After the Paris attacks, the French Muslim Council calls on the 2,500 mosques in France to denounce terrorism “unambiguously”


The largest body representing Muslim organizations in France called on the leaders of the country’s 2,500 mosques to condemn “all forms of terrorism” during their sermons on Friday and to lead a prayer on behalf of those killed in the violent terrorist attacks in the country. last week. The Great Mosque of Paris had called for a rally to denounce terrorism, but the protest was called off because the country remained in a state of emergency on Friday, Al-Jazeera English reported.

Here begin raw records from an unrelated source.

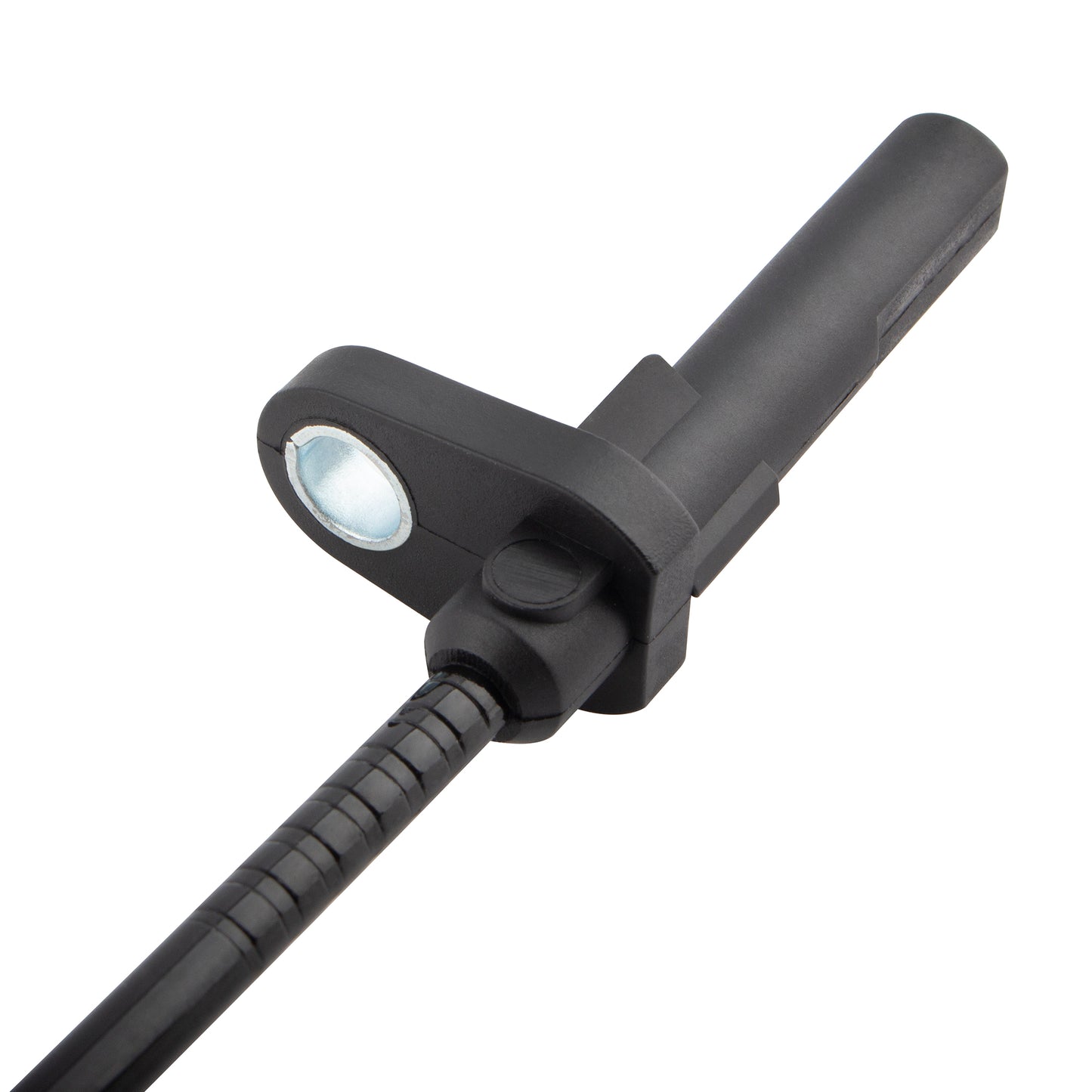 BOXI Rear Left/Right Side ABS Wheel Speed Sensor Fits for Ford Transit-150 Transit-250 Transit-350 — product photo 4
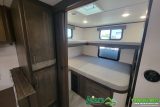 2023 Grand Design Transcend Xplor 297QB - RV Dealer Ontario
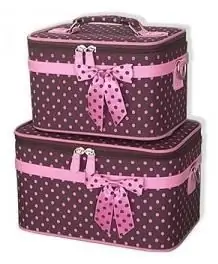 cosmetic cases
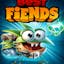 Best Fiends
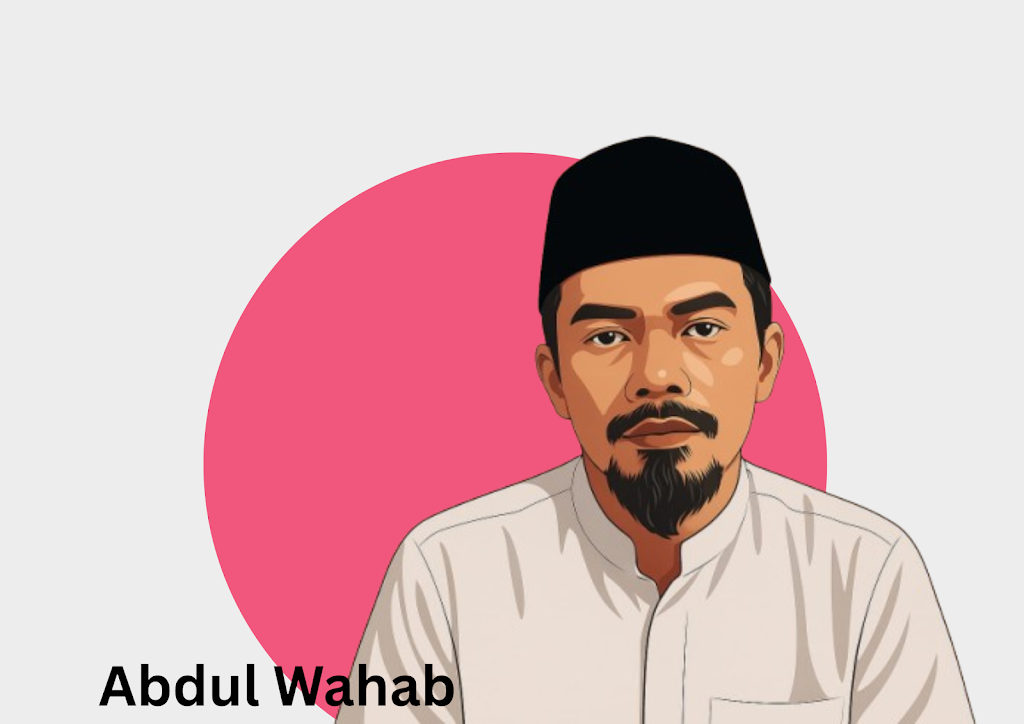 Menguak Potensi Ecotrail Desa Sumberanyar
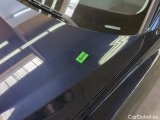  Audi  A6  Avant 40 TDI 2.0 TDI 150KW AT7 E6d #56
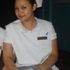 princes Alday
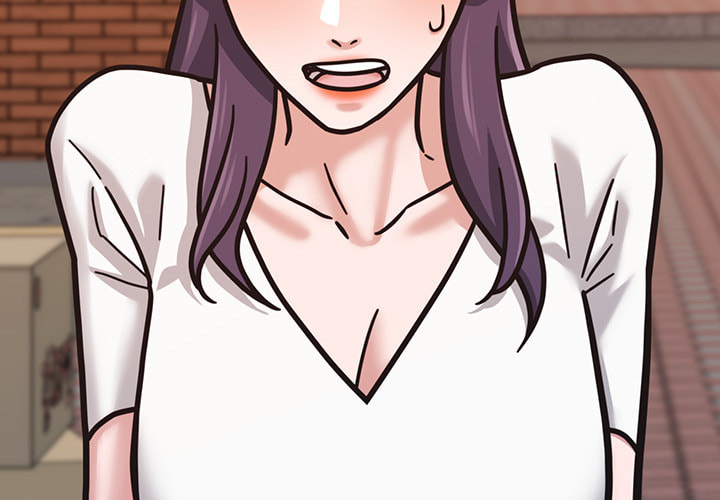 Booty Camp Chapter 71 page 4 - 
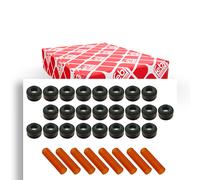 Jeu de joints (tige de soupape)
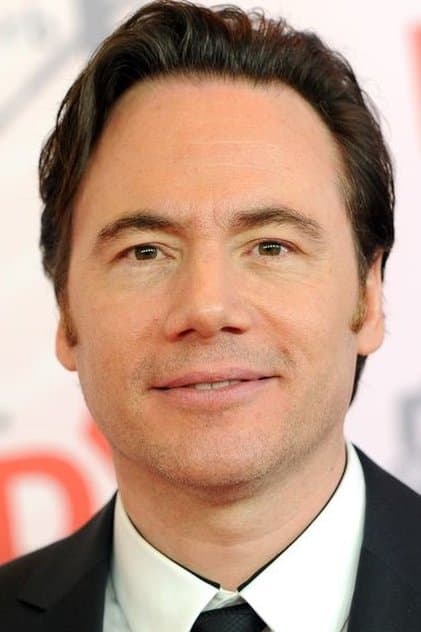 Майкл Хербіг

“The French Muslims want to proclaim their unwavering attachment to the republican pact and to the values ​​that formed France,” a spokesperson for the French Muslim Council told French newspaper Le Figaro. “We Muslims in France can only insist on the need for national unity to oppose this misfortune which afflicts us and which attacks indiscriminately.”

The calls came after coordinated terrorist attacks in Paris last Friday left at least 129 dead and hundreds injured. Supporters of the Islamic State group targeted France’s national stadium, a concert hall, bars and restaurants, armed with AK-47s and grenades and wearing suicide vests. Dalil Boubakeur, a leader of the country’s Grand Mosque, said Friday night’s attackers should not be called Muslims but rather “barbarians.”

Muslim religious and political leaders around the world have widely condemned the attacks. Many Muslims fear a backlash in the wake of the violence, as Muslim civil rights leaders say their communities have already experienced spikes in hate crimes. Past terrorist acts by Muslim extremists have led to an increase in anti-Muslim discrimination.

Friday’s violence opened a debate over homeland security and Syrian refugees, as many in Europe and the United States fear ISIS militants are entering their country with the flow of refugees. More than 30 US state governors have said they are unwilling to accept Syrian refugees within their borders, despite the refugees being tightly controlled. ISIS militants in Syria and Iraq have repeatedly threatened to attack the West.